The Bank of England has warned that firms are continuing to write new Libor contracts even though the benchmark interest rate is expected to be discontinued after the end of 2021.
The UK central bank said in research published this week that many new contracts maturing beyond 2021 continue to reference Libor. The Financial Conduct Authority said two years ago that it will not compel panel banks to submit to Libor beyond 2021.
With Libor expected to be discontinued after end-2021, the use of alternative interest rate benchmarks is steadily increasing. But use of Libor remains widespread, and this poses risks to market stability. https://t.co/8KgzL9XzKL #BankOverground pic.twitter.com/PDH5uRy8X3
— Bank of England (@bankofengland) September 30, 2019
“Despite the progress in establishing alternative reference rates and in building these new markets, much more work is needed to complete the transition,” added the study.
After the financial crisis there were a series of scandals regarding banks manipulating their submissions for setting benchmarks across asset classes, which led to a lack of confidence and threatened participation in the related markets. As a result, regulators have increased their supervision of benchmarks and want to move to risk-free reference rates based on transactions, so they are harder to manipulate and more representative of the market.
The Bank of England highlighted the loan markets, which is still dominated by Libor-linked lending, and many new long-dated derivative contracts which are referencing Libor.
“Firms now need to focus on shifting new business from Libor to alternative rates, and should put in place a clear transition plan to mitigate their legacy risk from older contracts,” said the Bank of England. “In June 2019, the Prudential Regulation Authority and the Financial Conduct Authority published guidance for firms on the issues they need to consider when making a transition plan.”
Progress
The UK has chosen the sterling overnight index average, Sonia, as its new risk-free rate. The European Central Bank started publishing a new benchmark rate this week.
The euro short-term rate (€STR), a new benchmark interest rate, has been published for the first time. The rate reflects the wholesale euro unsecured overnight borrowing costs of banks located in the euro area.
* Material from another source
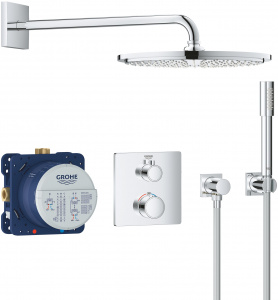 Душевой комплект Grohe Grohtherm 34730000 с термостатом Душевой комплект Grohe Grohtherm 34730000 с термостатом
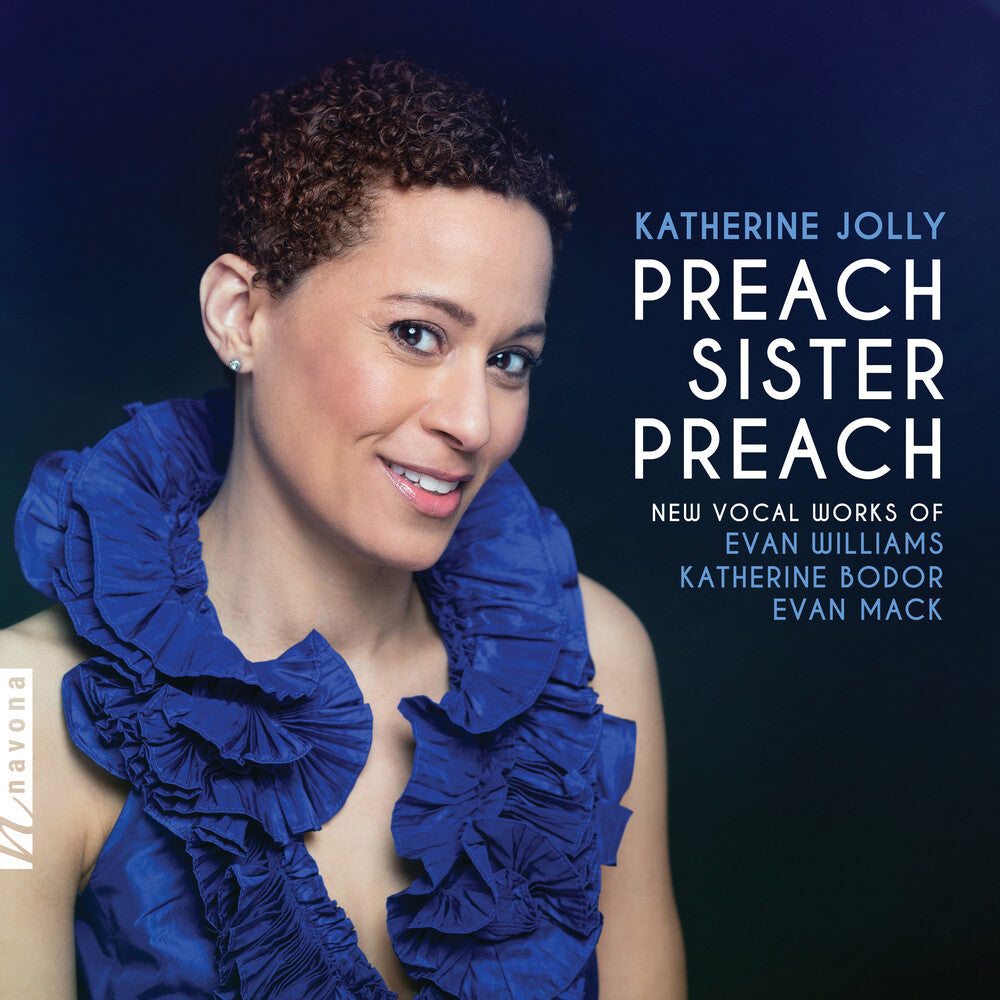 Boder / Jolly / Harper - Preach Sister Preach [CD]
The €STR is available here https://t.co/BUp2OidOjS #EuroSTR pic.twitter.com/b14OFa6YHP
— European Central Bank (@ecb) October 2, 2019
The US has adopted the secured overnight financing rate, SOFR, as its risk-free rate to replace US dollar Libor.
CME Group announced last month that it plans to introduce options on three-month SOFR futures.
Mark your calendars. SOFR options launch January 6, 2020. https://t.co/V0ffYSQb6c pic.twitter.com/DbdbmVC3r6
— CME Group (@CMEGroup) September 4, 2019
Agha Mirza, global head of interest rate products at CME Group, said in a statement: “Offering options on futures builds on our ever-growing SOFR ecosystem and deep expertise in listed interest rate options, and provides clients with another solution for managing exposure to interest rate price risk around the world.”
The exchange said that since SOFR futures debuted in May last year, more than 195 global market participants have traded over 6.3 million contracts at CME Group.
“A record 120 large open interest holders held open positions in SOFR futures as of Aug. 27, 2019,” added CME. “Additionally, open interest surpassed a record 283,000 contracts on Aug. 30, 2019.”
SOFR futures open interest jumped 29% in August. https://t.co/nzsSKv4F9w pic.twitter.com/dxo87cjQ7x
— CME Group (@CMEGroup) September 5, 2019
Conduct risk
Deloitte Financial Services UK highlighted in a blog that the as markets transition from IBORs, there are likely to be recurrences of market and customer misconduct – although they are likely to manifest differently.
“This being the case, risks of misleading clients, market abuse (including insider dealing and market manipulation), anti-competitive practices, both during and after transition (such as collusion and information sharing) and risks arising from conflicts of interest, are all likely to reappear,” said Deloitte.
Therefore firms should ensure that they robustly identify and mitigate conduct risks arising during the transition.
“As the famous statesman Edmund Burke once said, “those who don’t know history are destined to repeat it”,” added Deloitte. “There is plenty of historical information available to firms about potential conduct pitfalls.”